[Haskell-begin] some basic syntax questions
Felipe Lessa
felipe.lessa at gmail.com
Fri Jul 25 15:53:21 EDT 2008
On Fri, Jul 25, 2008 at 4:45 PM, Anatoly Vorobey <avorobey at gmail.com> wrote:
> 1. I initially tried putStrLn("Hello, " ++ show $ sumIt args), but that
> didn't compile. Why not?
You see,
Prelude> :i (++)
(++) :: [a] -> [a] -> [a] -- Defined in GHC.Base
infixr 5 ++
Prelude> :i ($)
($) :: (a -> b) -> a -> b -- Defined in GHC.Base
infixr 0 $
so
"Hello, " ++ show $ sumIt args
is parsed as
("Hello, " ++ show) $ sumIt args
which is an obvious error.
> 2. I initially tried
>
> where sumIt = sum $ map read
>
> (the "point-free" style, I believe it's called?) but that didn't compile.
> Why not? A friend suggested
>
> where sumIt = sum . map read
>
> and that does work; I guess my real problem, then, is that I don't really
> understand the difference
> between the two and why the former doesn't work.

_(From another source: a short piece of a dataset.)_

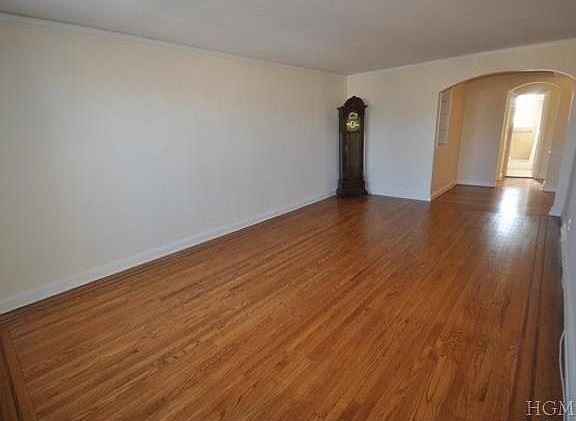 Large living room with covered hardwood floors. Room is 21' x 1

It helps to see the types and the definitions
($) :: (a -> b) -> a -> b
f $ x = f x
(.) :: (b -> c) -> (a -> b) -> (a -> c)
f . g = \x -> f (g x)
so ($) applies an argument, while (.) composes functions. For example,
sumIt x = sum (map read x)
so
sumIt x = sum $ map read x
by ($)'s definition. On the other hand
sum $ map read is sum (map read) [by ($)'s definition again]
which is, again, a mistake. However, we may write sumIt as
sumIt = \x -> sum (map read x)
so it becames clear that
sumIt = sum . map read
Did I help at all? =)
--
Felipe.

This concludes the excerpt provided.